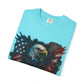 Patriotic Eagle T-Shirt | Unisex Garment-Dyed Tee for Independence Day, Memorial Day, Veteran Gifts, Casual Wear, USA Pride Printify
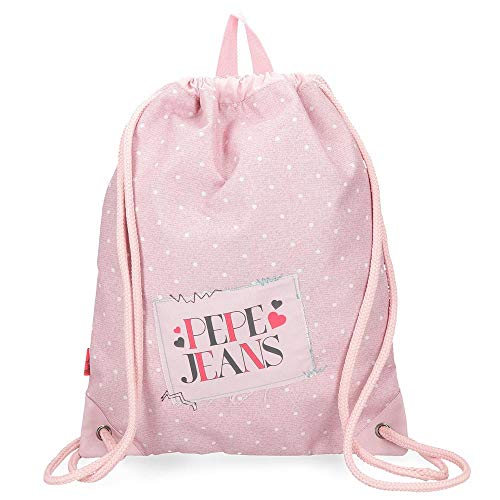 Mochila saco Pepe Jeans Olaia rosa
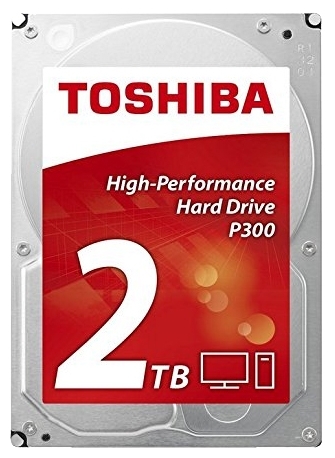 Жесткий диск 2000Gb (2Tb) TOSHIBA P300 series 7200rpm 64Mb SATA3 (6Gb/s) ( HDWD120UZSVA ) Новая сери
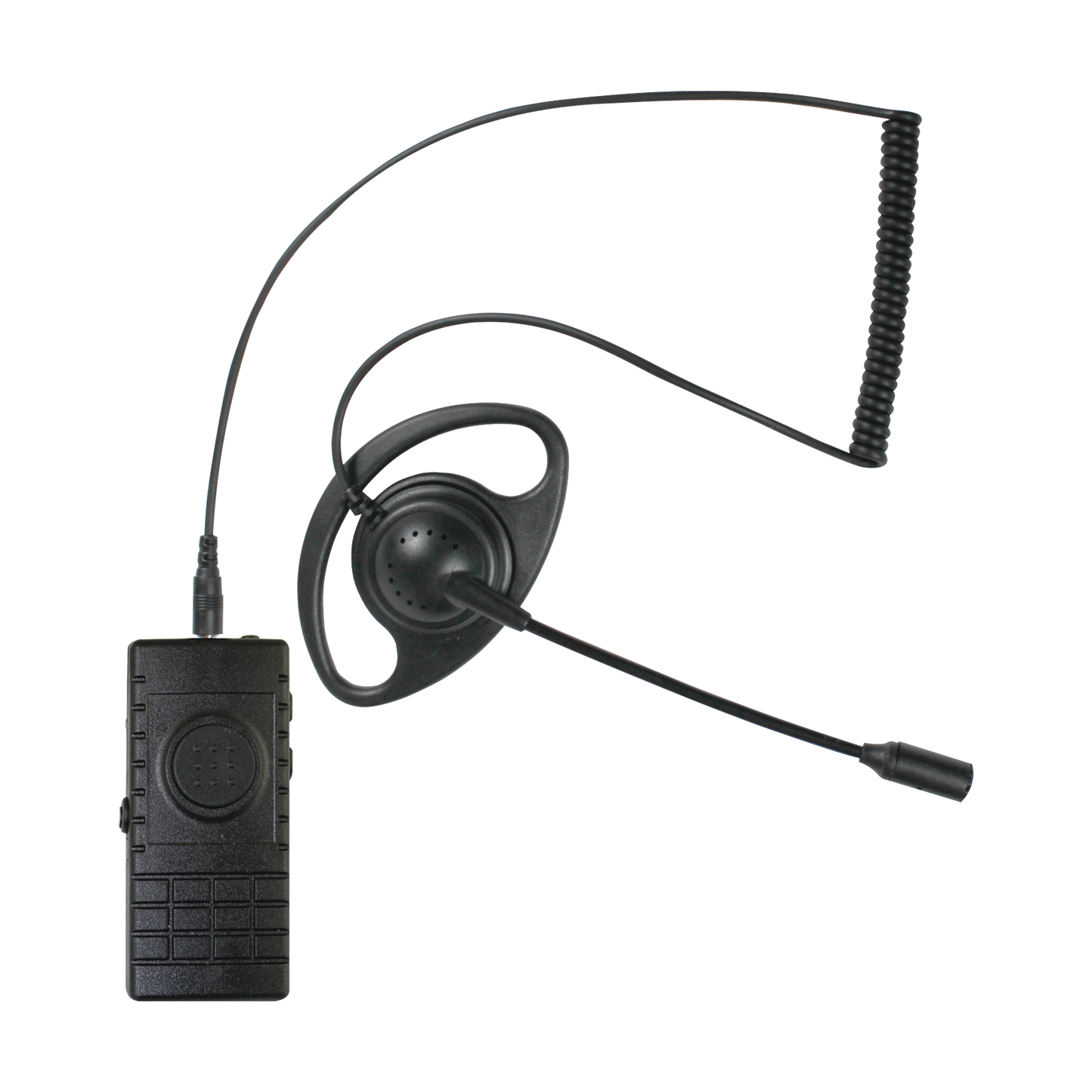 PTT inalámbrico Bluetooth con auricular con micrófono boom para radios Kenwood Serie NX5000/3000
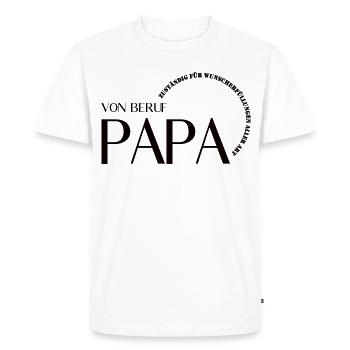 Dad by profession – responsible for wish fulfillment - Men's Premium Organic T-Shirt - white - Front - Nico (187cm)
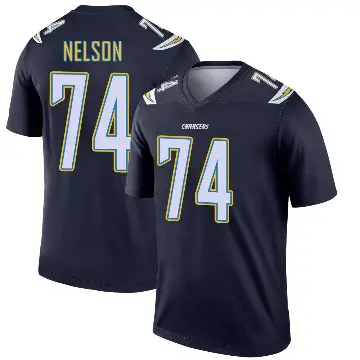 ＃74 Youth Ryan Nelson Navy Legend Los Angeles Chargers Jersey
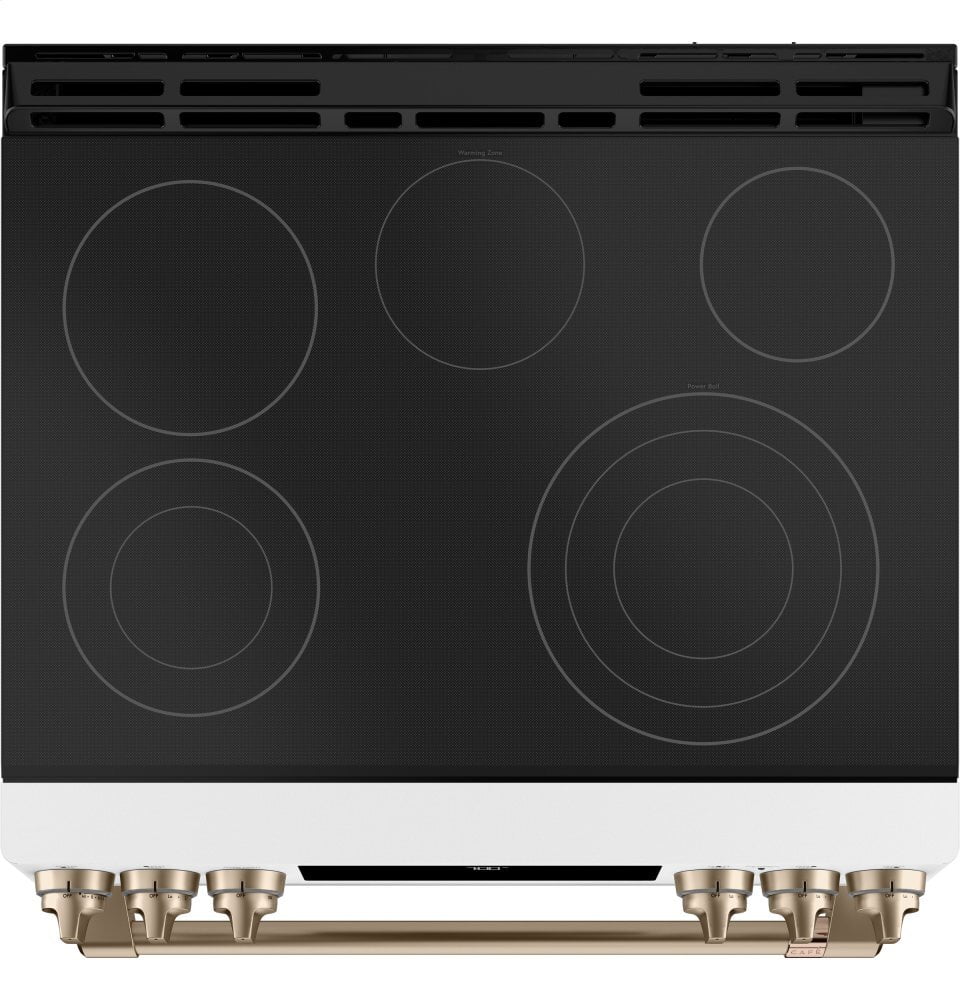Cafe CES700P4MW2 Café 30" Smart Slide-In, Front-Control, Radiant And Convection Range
==
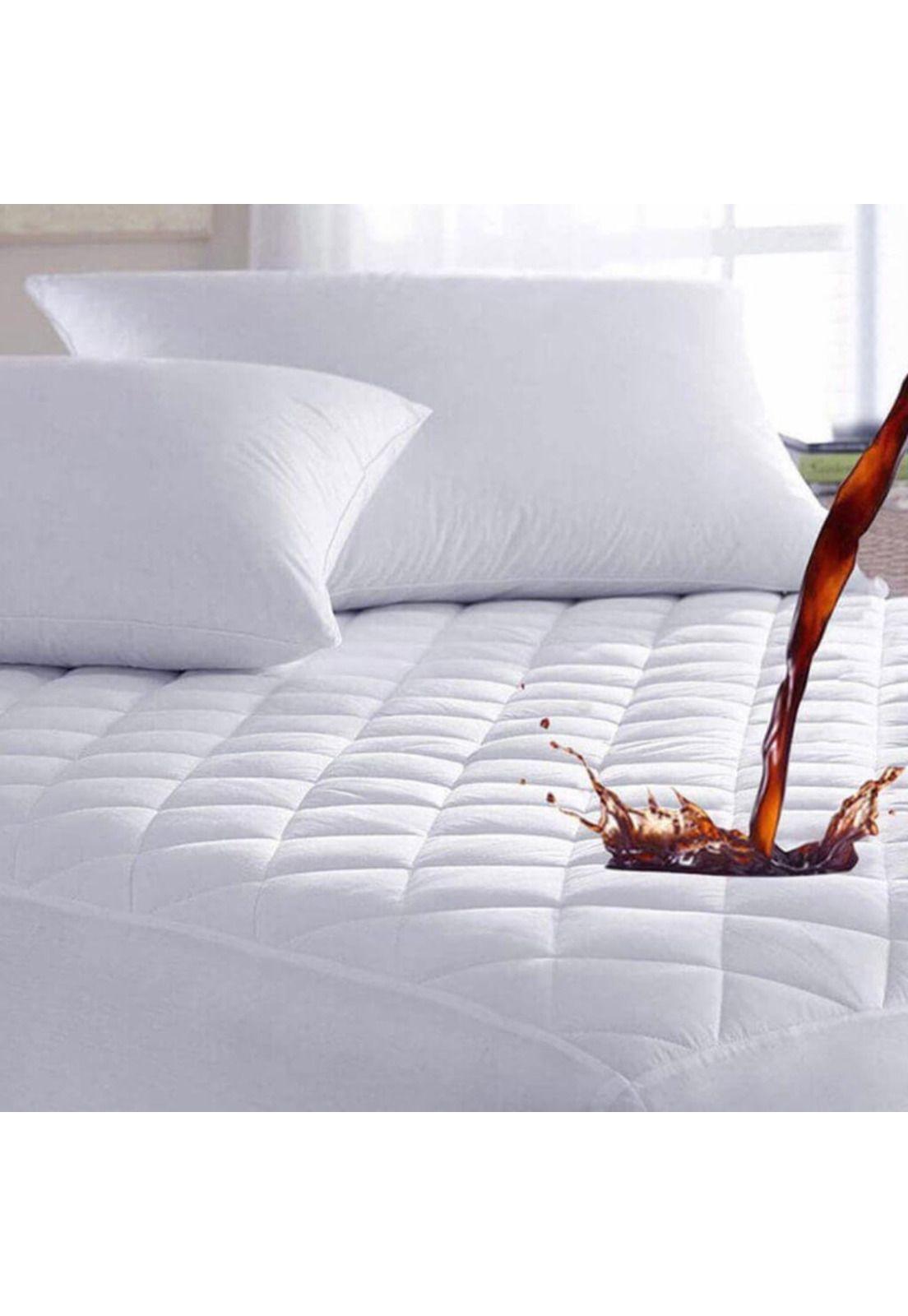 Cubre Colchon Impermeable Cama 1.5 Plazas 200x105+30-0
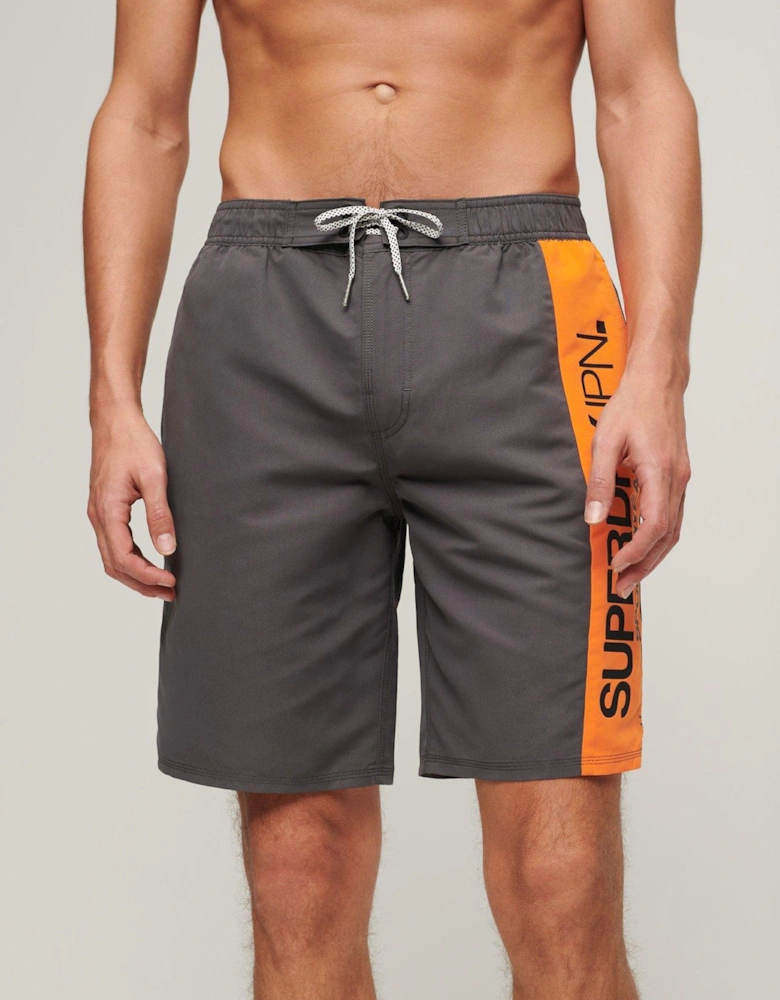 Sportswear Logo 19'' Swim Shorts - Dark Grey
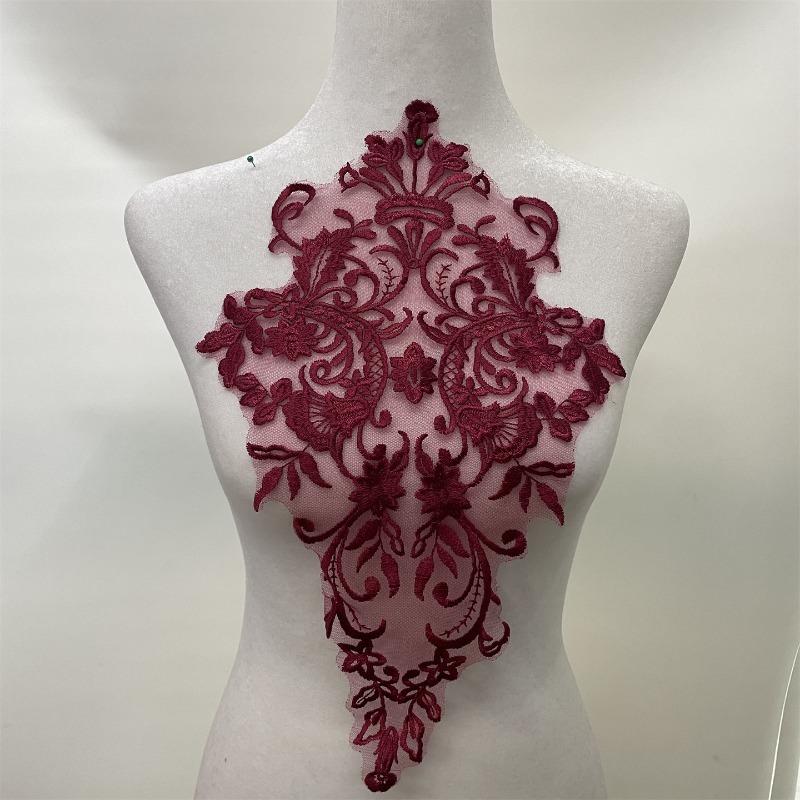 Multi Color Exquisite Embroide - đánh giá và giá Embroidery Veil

• **How to complete this task**:
When you reach the line with "Angeles Chargers Jersey" in the records above, begin repeating the lines exactly, and stop after the line with "Cafe CES700P4MW2 Café". Skip all pictures.

• **Written reply**:
 ＃74 Youth Ryan Nelson Navy Legend Los Angeles Chargers Jersey
Cafe CES700P4MW2 Café 30" Smart Slide-In, Front-Control, Radiant And Convection Range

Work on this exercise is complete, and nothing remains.